Conférence de presse de Philippe Courard, Président du Parlement de la Fédération Wallonie-Bruxelles


Conférence de presse de Philippe Courard, Président du Parlement de la Fédération Wallonie-Bruxelles

publié le Mardi 12 Juin 2018 à 20:31:07

Après son adresse au Parlement de Côte d’Ivoire ce mardi 12 juin 2018, le Président du Parlement de la Fédération Wallonie-Bruxelles, Philippe Courard, a prononcé une conférence de presse à la Salle des Pas Perdus de l’institution parlementaire ivoirienne. Ci-après l’intégralité de son échange avec la presse.

(Philippe Courard) Merci Monsieur le Président de l’Assemblée nationale de Côte d’Ivoire. Ce ne n’est pas un merci politique, c’est un merci du fond du cœur parce que comme j’ai eu l’occasion de l’expliquer à plusieurs reprises, on se  sent ici chez nous avec des amis. Donc tout naturellement nous sommes heureux de poursuivre cette collaboration, collaboration de qualité, on a des échanges fructueux, on a beaucoup de choses à s’apprendre, à partager. Je crois que c’est le sens de la diplomatie parlementaire. Ça se fait en plus dans un cadre convivial avec de l’amitié, du respect sincère de part et d’autre. C’est véritablement ça que je souhaite insuffler avec Monsieur le Président, des relations parlementaires efficaces, un contact régulier, un échange d’information et peut-être pourquoi pas mener une série de projets qui auront pour seul objectif d’améliorer la qualité de vie de  nos citoyens, de servir l’intérêt général parce que quand on fait de la politique, on est là pour servir les citoyens, on est là pour être à leur service. L’efficacité doit être au rendez-vous. Ce genre de rendez-vous permet d’aboutir à ce résultat. Je suis bien entendu disposé à répondre aux questions que vous souhaitez poser.

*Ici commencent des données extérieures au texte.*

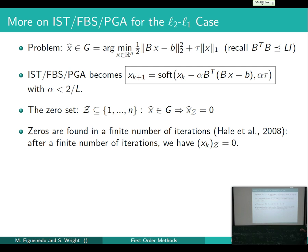After finitely many steps, the elements of X that are zero at the solution actually become zero at all subsequent iterates. After that, the problem reduces to figuring out the true values of X on the non-zero set. So you get the zeros right after a finite number of steps, and then just iterate more to get convergence on the non-zeros.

(Question) L’actualité a été marquée par ce bateau transportant 629 migrants, l’Italie a refusé de les accueillir, d’abord c’était l’Espagne, vous en tant que Président du Parlement de la Fédération Wallonie-Bruxelles quel est votre avis sur ce phénomène et quelle solution préconisez-vous ?

 (P.C) Je vais être clair avec vous sans langue de bois. Je suis scandalisé par l’option choisie par l’Europe, l’Europe dans la politique migratoire n’est pas du tout à la hauteur.  Ce n’est absolument pas normal de ne pas accueillir des êtres humains. Pour différentes raisons, il y a des phénomènes de migrations. Il faut tenter d’y répondre, trouver des solutions, mais ça doit se faire dans le dialogue et la coopération, certainement pas en laissant les gens à la détresse sur la mer méditerranée, certainement pas en les refoulant. Il faut trouver des solutions. L’Europe est un continent qui a quand même des moyens financiers. Et j’ai toujours préconisé dans mes différentes fonctions ministérielles précédentes, l’idée de répartition pour une meilleure prise en charge sur l’ensemble du continent européen. Il n’est pas non plus normal que certains pays aient la gestion de l’ensemble de la population migrante, tous les pays d’Europe doivent prendre une part de leurs responsabilités. Et manifestement cet accord est difficile à trouver à l’Europe parce que certains pays se réservent encore un certain conservatisme, un rejet de l’autre, sombrent au populisme que j’entends combattre parce que ce populisme n’est pas démocratique, n’est pas pour répondre au respect des droits de l’Homme.

 

(Q) Vous avez parlé dans votre adresse de modifier notre enseignement sur une longue période, dix ans, pourquoi dix ans et pourquoi pas maintenant ?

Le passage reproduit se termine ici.